--- Input data ---
*-*-*

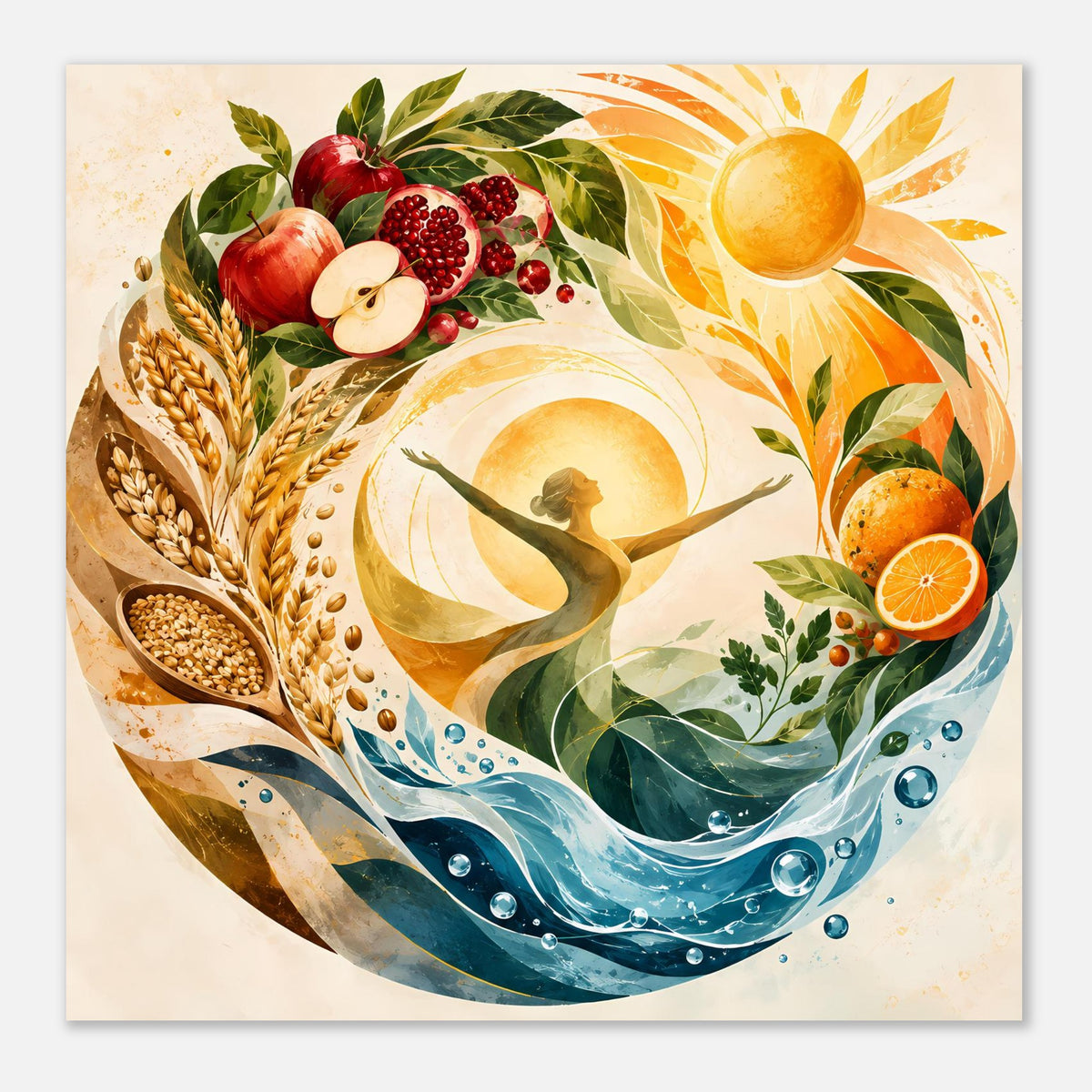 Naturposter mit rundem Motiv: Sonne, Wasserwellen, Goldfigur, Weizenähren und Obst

*-*-*

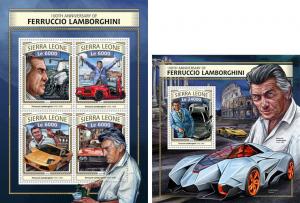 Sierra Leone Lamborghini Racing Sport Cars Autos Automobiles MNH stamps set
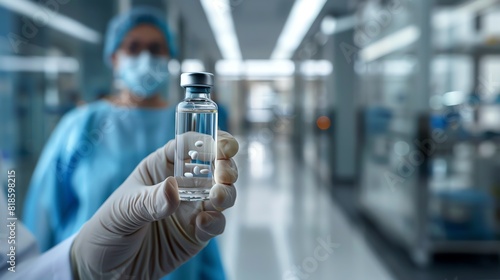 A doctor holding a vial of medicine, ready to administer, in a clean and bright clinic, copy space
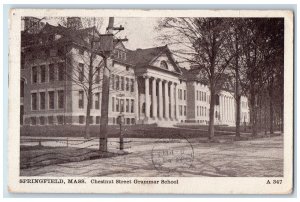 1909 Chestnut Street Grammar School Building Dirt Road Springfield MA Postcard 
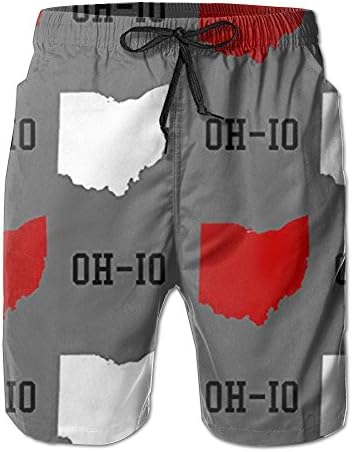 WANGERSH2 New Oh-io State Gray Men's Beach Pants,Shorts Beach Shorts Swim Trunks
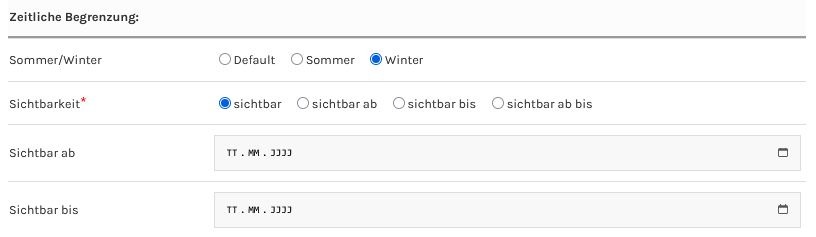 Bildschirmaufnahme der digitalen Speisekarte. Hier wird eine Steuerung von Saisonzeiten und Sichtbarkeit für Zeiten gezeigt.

*-*-*

Exercise for the records above: copy only the lines from the one with "Sierra Leone Lamborghini" to the one with "Bildschirmaufnahme der digitalen", both ends kept, and drop the pictures.

--- Task response ---
 Sierra Leone Lamborghini Racing Sport Cars Autos Automobiles MNH stamps set
 A doctor holding a vial of medicine, ready to administer, in a clean and bright clinic, copy space
 1909 Chestnut Street Grammar School Building Dirt Road Springfield MA Postcard 
 WANGERSH2 New Oh-io State Gray Men's Beach Pants,Shorts Beach Shorts Swim Trunks
 Bildschirmaufnahme der digitalen Speisekarte. Hier wird eine Steuerung von Saisonzeiten und Sichtbarkeit für Zeiten gezeigt.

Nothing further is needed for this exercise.